Al parecer, el desayuno difería poco de los de primera y tercera, si bien, como fabula Mojícar, la comida del mediodía le supuso al equipo, del departamento de alimentos y bebidas, algo menos de trabajo pues se tenía en cuenta que los pasajeros se despertaban tarde y desayunaban fuerte, por lo que decidían que no merecía la pena detenerse demasiado en discusiones. La cena, sin embargo, tenía más importancia ya que era el punto de encuentro de los pasajeros, y dado que todos se emperifollaban para acudir al comedor requería más atención. Y siguiendo las inamovibles órdenes de Escoffier, se sirvieron consomé con tapioca, abadejo en salsa, pollo al curry con arroz (la Cocina india ya había sido adoptada en el RU, y ahora la tiene como propia), cordero con salsa de menta, pavo asado con salsa de arándanos, guisantes, puré de nabos, arroz cocido (otra vez: un error de confección de minutas, pero era para la segunda), papas cocidas y asadas, pudín de ciruelas, confitura de uvas, tarta rellena de coco, helado americano, frutos secos, fruta variada, quesos, galletas y café. Es curioso observar como ya no aparecen platos con nombres propios como a la Maryland, Lili, Waldorf ? Y también la ausencia de huevos, en las tres clases, de los que la Alta Cocina ofrece gran número de especialidades: en cocote, mollets, al plato... salvo los pasados, los revueltos y los fritos del desayuno.

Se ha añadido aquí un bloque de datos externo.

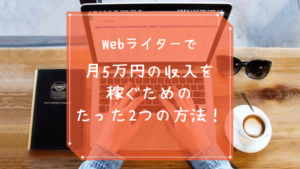 Webライターで月5万円の収入を稼ぐためのたった2つの方法！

Prácticamente, el desayuno fue igual en las tres clases aunque en la primera y segunda se añadía más bollería dulce, mermeladas y confituras, copos de avena, arenques ahumados, papas, huevos con panceta o jamón, pan, mantequilla, mermelada, bollos, té y café. Para el almuerzo se sirvió potaje de arroz, carne fría, asado de buey en salsa con piñas de millo, verduras marinadas y papas al vapor. El postre fue quesos, compota de higos, fruta, pudín y crema dulce; acompañado por pan fresco y tostado, mantequilla y té. Y para la última cena la minuta fue muy ligera: quesos, pan de avena y biscuits. Seguro que los desdichados pasajeros de esta clase al caer al agua no sufrieron cortes de digestión.